British Beekeepers Association Official Forum 

  • Microscopy in 2021

  • This discussion forum covers pollen, honeybee anatomy & biology.
This discussion forum covers pollen, honeybee anatomy & biology.
 #10515  by KiritGordhandas
 10 Apr 2021, 20:57
I have entered for the Microscopy Exam in November 2021 (Hopefully it will be going ahead)

Is there anyone else working on their Pollen & Anatomy slides?

If there is any interest could form a study & support group
 #10523  by MickBBKA
 11 Apr 2021, 18:31
I went as far as buying all the kit and our association took some excellent lessons from Shirley and Richard Bond but we never went as far as the exams for several differing reasons amongst the group of us. It is a fantastic subject and very rewarding for the keen budding microscopist.
My best advice is to learn how to prepare pollen slides and start gathering pollen from plants you can identify which you can build a pollen library of your own from. Then you can find out what your bees have been up to. Pollen identification resources in books and on the internet are not great. Anatomy you can do anytime. Once a particular plant has flowered that's it until next year. You couldn't find crocus, snowdrop, hazel or willow where I live now and in another week or two at most the blackthorn will be gone for another year.
Nigel was a boffin and I am sure can give you some great info.
 #10524  by MickBBKA
 11 Apr 2021, 18:40

These are 2 slides of pollen from snowdrops. The yellow grains are in their natural state and the pink are prepared with fuchsin dye, as you can see they do look very different and they are from the same flower. Its easy to think you are looking at a different plants pollen.
 #10525  by NigelP
 11 Apr 2021, 19:39
Big 5 Star there Mick.
Been trying to explain to BBKA microscopy tutors that pollen grains appear different in different mediums. Many are almost impossible to identify from honey preps vs standard slide preps. Many of the tutors are unaware that this is the case :D
This was know in the best tome I have on pollen identification, "Nectar producing plants and their pollens" by G. Hayes published in 1925. He covers many of the bee pollens and shows drawings of their shapes as dry/in water/formalin/bees leg and in honey/extracted from honey etc. All sizes in fractions of inches :)
And boy do they have different forms and shapes in different medium.
If I get the time I'll scan some of his drawings.

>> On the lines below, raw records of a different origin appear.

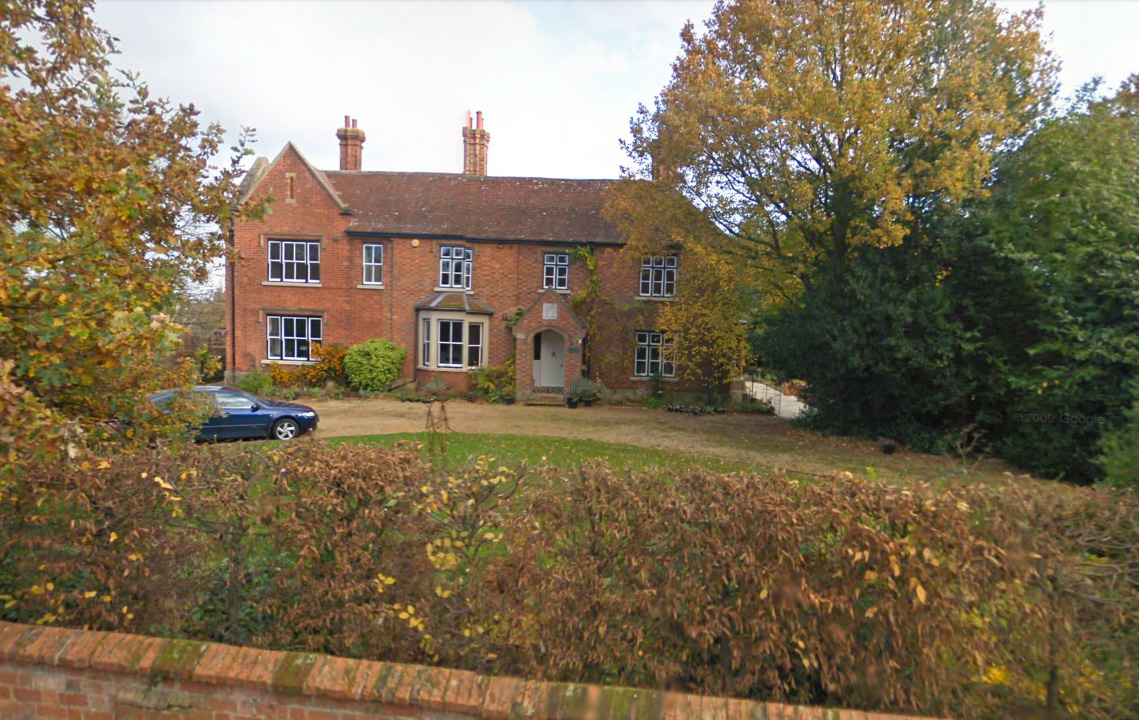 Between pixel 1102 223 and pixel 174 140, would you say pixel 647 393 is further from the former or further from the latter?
pixel 174 140

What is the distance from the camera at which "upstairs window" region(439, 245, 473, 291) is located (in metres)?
25.2

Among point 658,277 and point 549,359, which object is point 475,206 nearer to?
point 549,359

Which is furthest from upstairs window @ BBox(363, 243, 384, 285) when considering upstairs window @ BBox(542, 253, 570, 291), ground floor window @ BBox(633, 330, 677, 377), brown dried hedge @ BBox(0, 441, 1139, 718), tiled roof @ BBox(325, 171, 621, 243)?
brown dried hedge @ BBox(0, 441, 1139, 718)

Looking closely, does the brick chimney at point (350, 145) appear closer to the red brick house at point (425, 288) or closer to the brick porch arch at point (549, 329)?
the red brick house at point (425, 288)

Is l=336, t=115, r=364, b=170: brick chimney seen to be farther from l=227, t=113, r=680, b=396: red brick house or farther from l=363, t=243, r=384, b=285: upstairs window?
l=363, t=243, r=384, b=285: upstairs window

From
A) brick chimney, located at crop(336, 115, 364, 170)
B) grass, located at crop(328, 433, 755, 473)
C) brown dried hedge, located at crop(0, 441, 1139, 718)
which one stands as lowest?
grass, located at crop(328, 433, 755, 473)

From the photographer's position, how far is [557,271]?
992 inches

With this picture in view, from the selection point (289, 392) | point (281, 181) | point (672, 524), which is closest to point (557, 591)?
point (672, 524)

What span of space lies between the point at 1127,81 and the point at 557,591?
17165 mm

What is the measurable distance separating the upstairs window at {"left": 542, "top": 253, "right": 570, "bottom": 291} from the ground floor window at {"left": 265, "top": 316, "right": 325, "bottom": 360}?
28.3ft

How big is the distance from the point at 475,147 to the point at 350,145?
5.40 meters

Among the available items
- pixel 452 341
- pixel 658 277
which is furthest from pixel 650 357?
pixel 452 341

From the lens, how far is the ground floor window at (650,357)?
24739mm

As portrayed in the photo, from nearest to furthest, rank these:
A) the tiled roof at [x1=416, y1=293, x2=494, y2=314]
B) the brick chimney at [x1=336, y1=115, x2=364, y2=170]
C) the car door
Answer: the car door < the tiled roof at [x1=416, y1=293, x2=494, y2=314] < the brick chimney at [x1=336, y1=115, x2=364, y2=170] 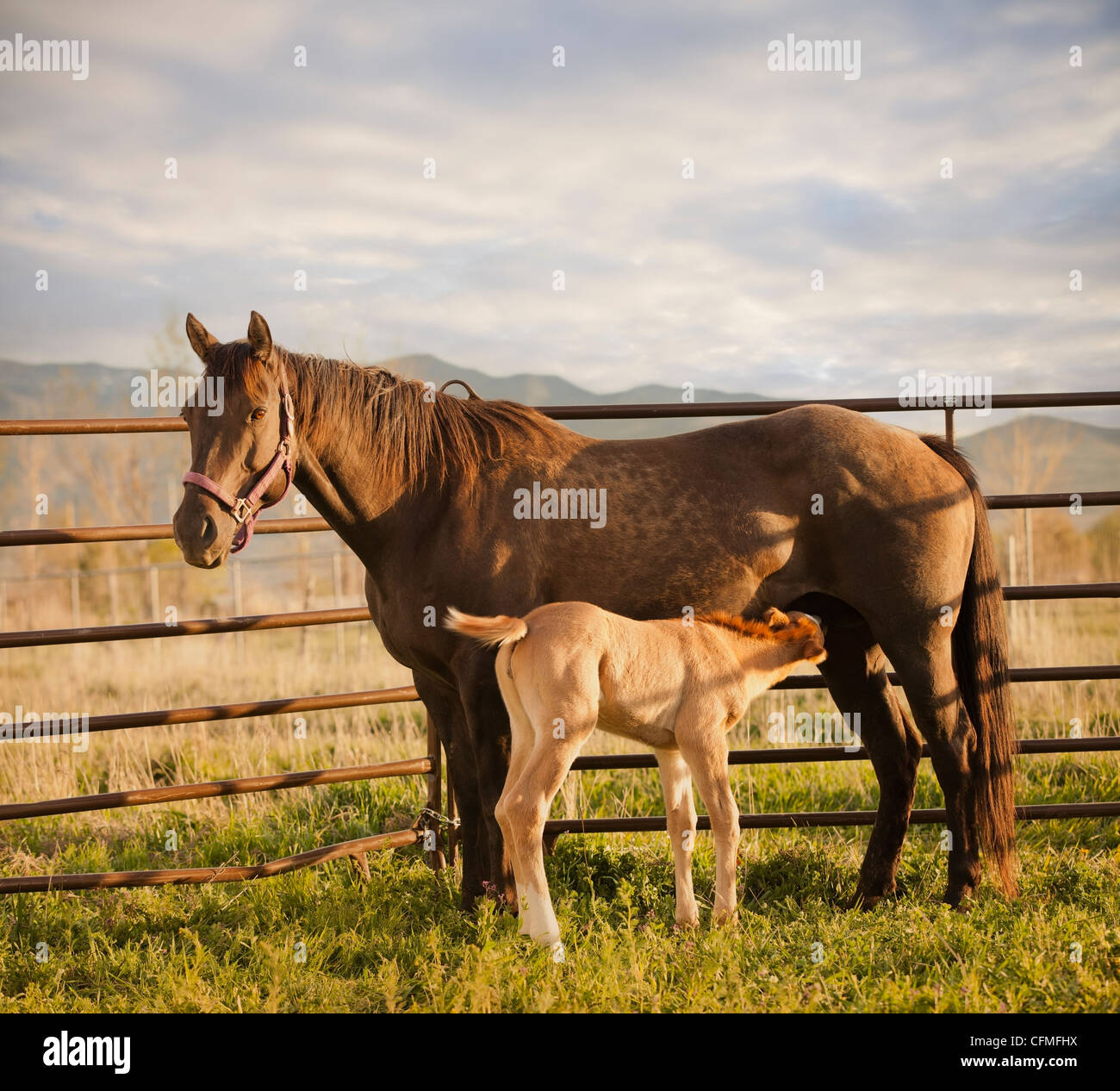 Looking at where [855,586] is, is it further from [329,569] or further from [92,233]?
[92,233]

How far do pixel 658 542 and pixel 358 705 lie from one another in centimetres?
200

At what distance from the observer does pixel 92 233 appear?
60.7m

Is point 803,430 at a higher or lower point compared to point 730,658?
higher

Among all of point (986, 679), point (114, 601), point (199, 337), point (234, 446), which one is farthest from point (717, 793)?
point (114, 601)

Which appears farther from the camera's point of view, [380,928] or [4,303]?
[4,303]

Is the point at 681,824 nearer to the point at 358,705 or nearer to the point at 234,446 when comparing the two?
the point at 358,705

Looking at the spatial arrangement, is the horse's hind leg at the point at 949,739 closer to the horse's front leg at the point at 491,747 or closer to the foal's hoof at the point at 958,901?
the foal's hoof at the point at 958,901

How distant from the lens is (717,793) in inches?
143

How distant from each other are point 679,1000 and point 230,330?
3224 cm

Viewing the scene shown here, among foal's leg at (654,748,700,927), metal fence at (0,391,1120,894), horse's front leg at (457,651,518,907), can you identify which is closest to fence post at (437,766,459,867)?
metal fence at (0,391,1120,894)

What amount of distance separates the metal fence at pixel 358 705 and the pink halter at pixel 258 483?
66cm

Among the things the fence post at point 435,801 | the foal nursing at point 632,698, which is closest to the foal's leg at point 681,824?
the foal nursing at point 632,698

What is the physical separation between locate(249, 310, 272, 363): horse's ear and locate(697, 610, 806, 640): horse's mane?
7.00ft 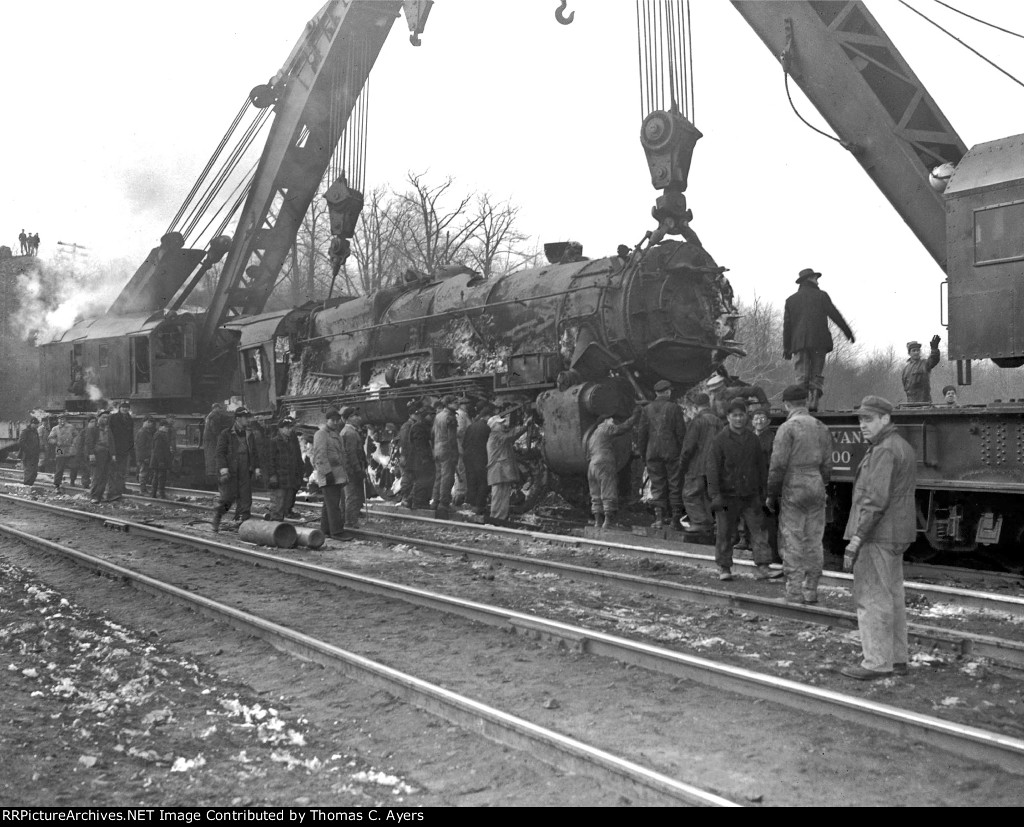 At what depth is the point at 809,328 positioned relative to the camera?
11258 millimetres

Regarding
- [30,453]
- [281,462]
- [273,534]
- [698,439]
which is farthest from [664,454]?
[30,453]

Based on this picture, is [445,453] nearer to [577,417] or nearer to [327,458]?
[327,458]

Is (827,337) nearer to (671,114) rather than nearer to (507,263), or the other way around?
(671,114)

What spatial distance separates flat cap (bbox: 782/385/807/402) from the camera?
7754 millimetres

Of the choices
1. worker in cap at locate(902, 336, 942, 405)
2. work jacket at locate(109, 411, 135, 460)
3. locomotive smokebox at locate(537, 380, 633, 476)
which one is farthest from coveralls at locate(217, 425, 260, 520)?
worker in cap at locate(902, 336, 942, 405)

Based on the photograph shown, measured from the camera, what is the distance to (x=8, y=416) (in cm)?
4688

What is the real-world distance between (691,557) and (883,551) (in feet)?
13.9

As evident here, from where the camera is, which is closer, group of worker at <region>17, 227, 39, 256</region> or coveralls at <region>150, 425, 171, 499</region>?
coveralls at <region>150, 425, 171, 499</region>

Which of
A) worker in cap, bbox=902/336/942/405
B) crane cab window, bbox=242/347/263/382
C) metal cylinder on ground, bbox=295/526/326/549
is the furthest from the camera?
crane cab window, bbox=242/347/263/382

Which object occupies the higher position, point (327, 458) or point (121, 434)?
point (121, 434)

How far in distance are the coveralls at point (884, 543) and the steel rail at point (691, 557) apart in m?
2.12

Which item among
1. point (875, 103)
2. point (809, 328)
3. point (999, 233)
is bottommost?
point (809, 328)

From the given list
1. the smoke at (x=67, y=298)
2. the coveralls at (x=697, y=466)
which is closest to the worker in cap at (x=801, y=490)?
the coveralls at (x=697, y=466)

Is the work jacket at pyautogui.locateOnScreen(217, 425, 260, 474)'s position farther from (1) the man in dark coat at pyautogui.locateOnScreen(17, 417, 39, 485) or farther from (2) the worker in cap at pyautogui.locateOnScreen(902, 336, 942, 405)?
(1) the man in dark coat at pyautogui.locateOnScreen(17, 417, 39, 485) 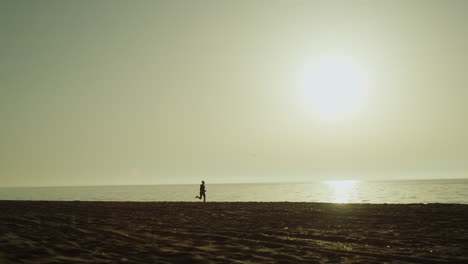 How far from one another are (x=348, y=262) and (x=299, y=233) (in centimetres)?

Nice pictures by the way Mick. Just checked Hayes and your pictures are spot on on the difference he describes.

Kirit if you need any help just shout.
 #10528  by MickBBKA
 12 Apr 2021, 01:33
Praise indeed, thank you. Unfortunately the BBKA have a habit of teaching by wrote and do not encourage investigate learning. I am inquisitive by nature so tend to do a lot of experimental self learning.

What is amazing is the triangular shape of the natural compared to the oval shape of the stained. I presume that is down to the hydration of the pollen grains ??
 #10535  by AdamD
 12 Apr 2021, 12:45
As I have mentioned before, my foray into looking at pollen grains was not particularly successful. I went on a course a number of years ago and as I couldn't identify pollen that I already knew what it was as I had harvested it myself, the idea of me identifying an unknown pollen grain is highly unlikely. However the example shows how tricky it can be.